Farol Santander, São Paulo, SP
2021
Executive Production

Curated by: Marcello Dantas

Born in Chile and based in New York, Iván Navarro has created a method of involving the viewer using elements that seduce the eye, such as mirrors, lights and glass. Electricity is also an essential element in his work: energised, the work reveals a parallel dimension and the possibility of the illusion of an infinity – which doesn’t exist, but is perceived. The play between the body and vision produces a doubt about which portal is in front of us.

 

When we enter a labyrinth of colour and mirrors, we find ourselves in front of a unique dimension of existence. The labyrinth is the place where we lose ourselves; the mirror, where we find ourselves. What if the mirror, instead of reflecting what we are, reflected what is inside us? This moment of revelation shows us the reverse side of the mind that reasons, the abyss that inhabits us.

 

The event in Iván Navarro’s work is in the territory of uncertainty. It systematically provokes our senses, making them doubt what they perceive. The idea of seeing in order to believe does not apply to this experience: in the presence of his works, there is, on the one hand, the certainty that one is seeing, and, on the other, the impression that one is being betrayed by one’s senses – because they defy reason. Seeing is not believing.

 

The artist works with a specific type of material called an interrogation mirror – normally used by police officers and market behaviour analysts, as it allows them to see the image from only one side. The name of the artefact is in itself a conceptual proposition of the work: a mirror that asks questions, that doesn’t offer answers, but demands behaviour or revelation from the observer.

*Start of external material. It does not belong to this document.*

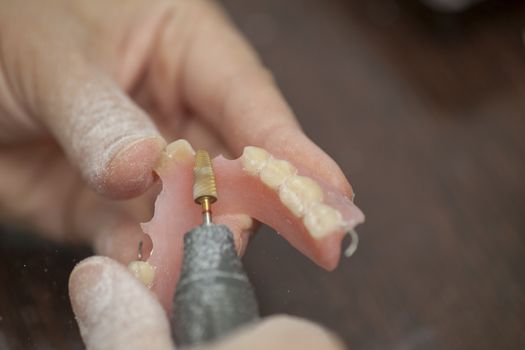 Dental technician make prothesis denture in dental laboratory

The questioning that arises with each glance is, in itself, a participatory act in front of the work. Deep down, we are all in life with an enormous curiosity to discover who we are and what we reflect. But above all, the question always remains: what’s behind the mirror?

 

The installation presented here was realised in collaboration with the artist Courtney Smith. It places us in this symbolic space of infinity, a place where we realise that we will never have enough breath to reach the end. Using lights, mirrors and ambiguous positions, Navarro creates a situation in which his work is consummated from our position in relation to so many reflections. This abyssal sensation, of voids, gaps and perspectives that open onto an unknown dimension, could be the awareness of a parallel universe, a secret plot or an altered state of perception. To travel through the labyrinth is to have a clear notion that there is something beyond the world of appearances; understanding the labyrinth enables us to see our end in infinity, and to learn what it is to be exfinite.